→ **EXERCISE**
Please give back each entry below unaltered, leaving the pictures out.
** Opening INPUT DATA block **
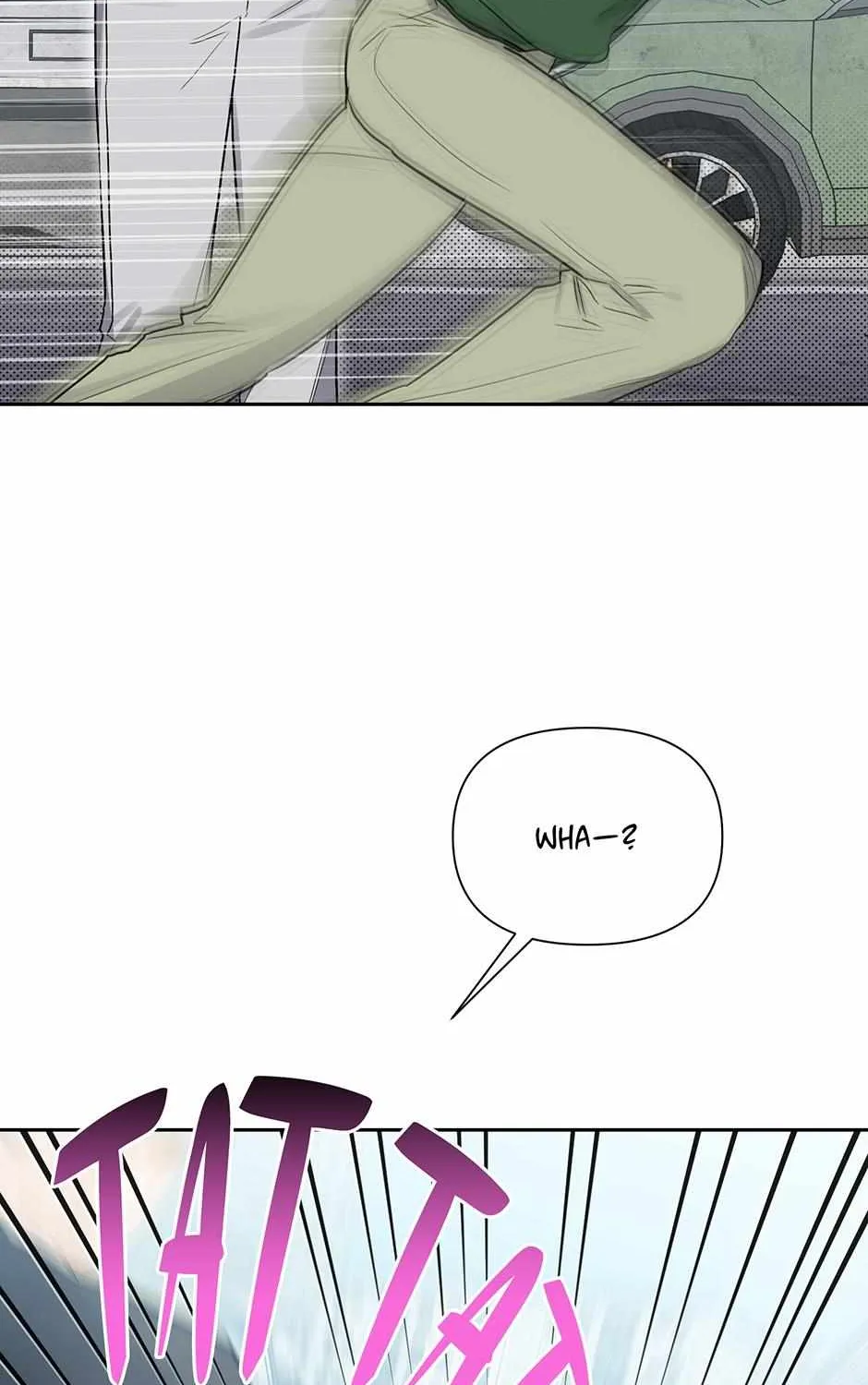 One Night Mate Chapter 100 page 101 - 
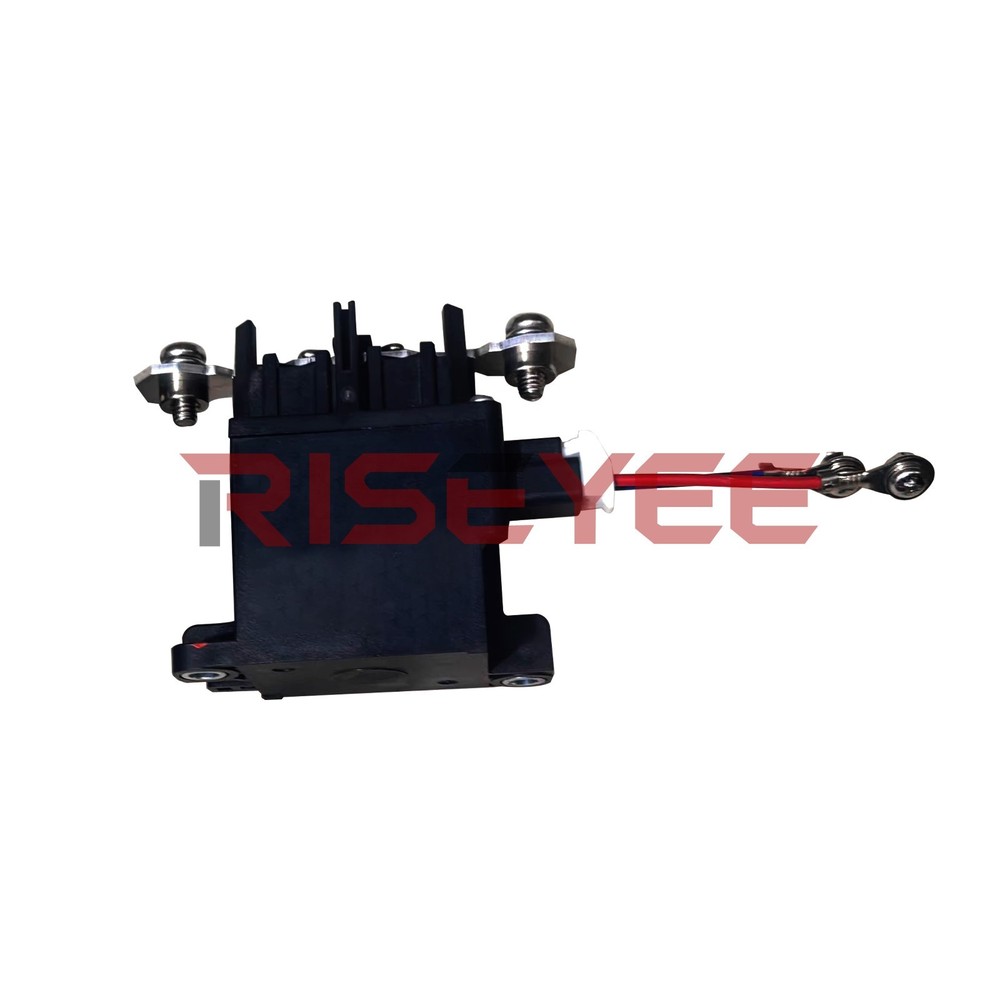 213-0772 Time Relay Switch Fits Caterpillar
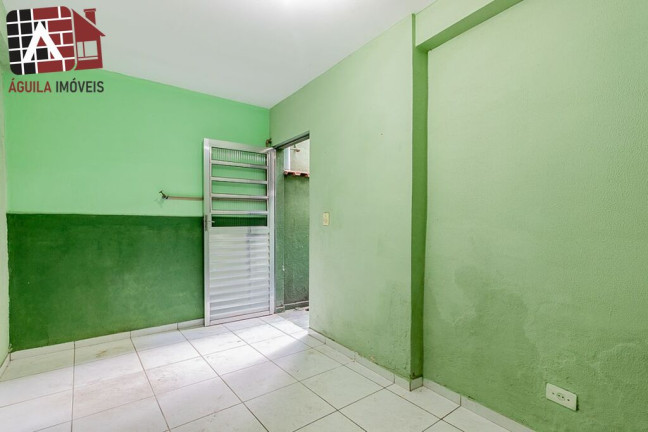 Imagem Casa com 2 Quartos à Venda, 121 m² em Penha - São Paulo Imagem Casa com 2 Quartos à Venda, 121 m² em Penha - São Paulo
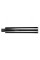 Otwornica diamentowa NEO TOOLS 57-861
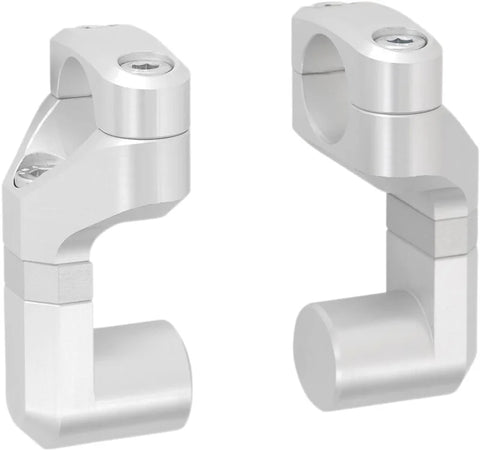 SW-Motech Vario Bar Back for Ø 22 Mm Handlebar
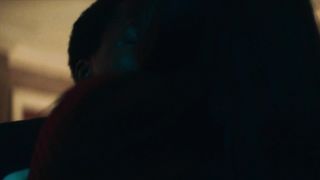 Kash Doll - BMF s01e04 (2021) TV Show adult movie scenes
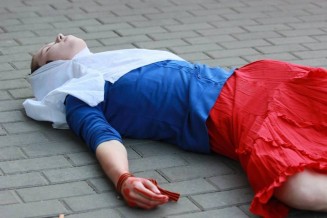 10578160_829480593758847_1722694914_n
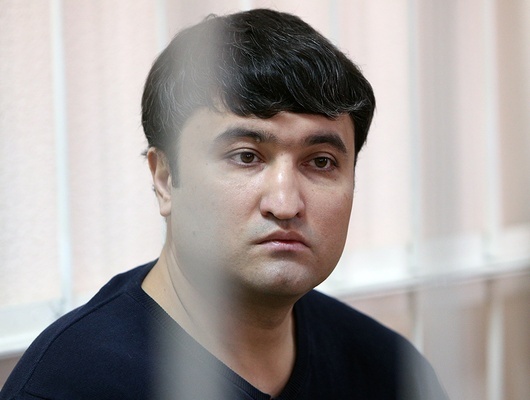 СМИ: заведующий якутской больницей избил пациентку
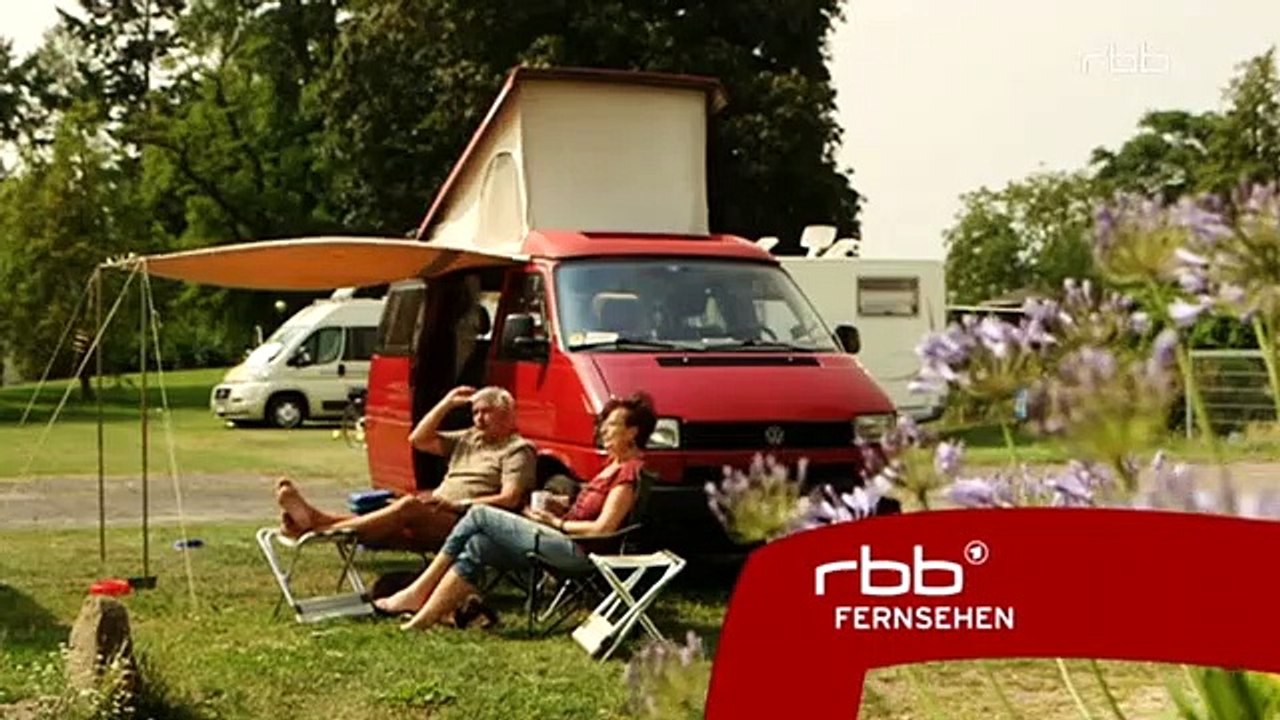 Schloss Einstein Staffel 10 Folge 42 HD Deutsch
** Closing INPUT DATA block **
→ **ANSWER TO THE PROBLEM**
 One Night Mate Chapter 100 page 101 - 
 213-0772 Time Relay Switch Fits Caterpillar
 Imagem Casa com 2 Quartos à Venda, 121 m² em Penha - São Paulo Imagem Casa com 2 Quartos à Venda, 121 m² em Penha - São Paulo
 Otwornica diamentowa NEO TOOLS 57-861
 SW-Motech Vario Bar Back for Ø 22 Mm Handlebar
 Kash Doll - BMF s01e04 (2021) TV Show adult movie scenes
 10578160_829480593758847_1722694914_n
 СМИ: заведующий якутской больницей избил пациентку
 Schloss Einstein Staffel 10 Folge 42 HD Deutsch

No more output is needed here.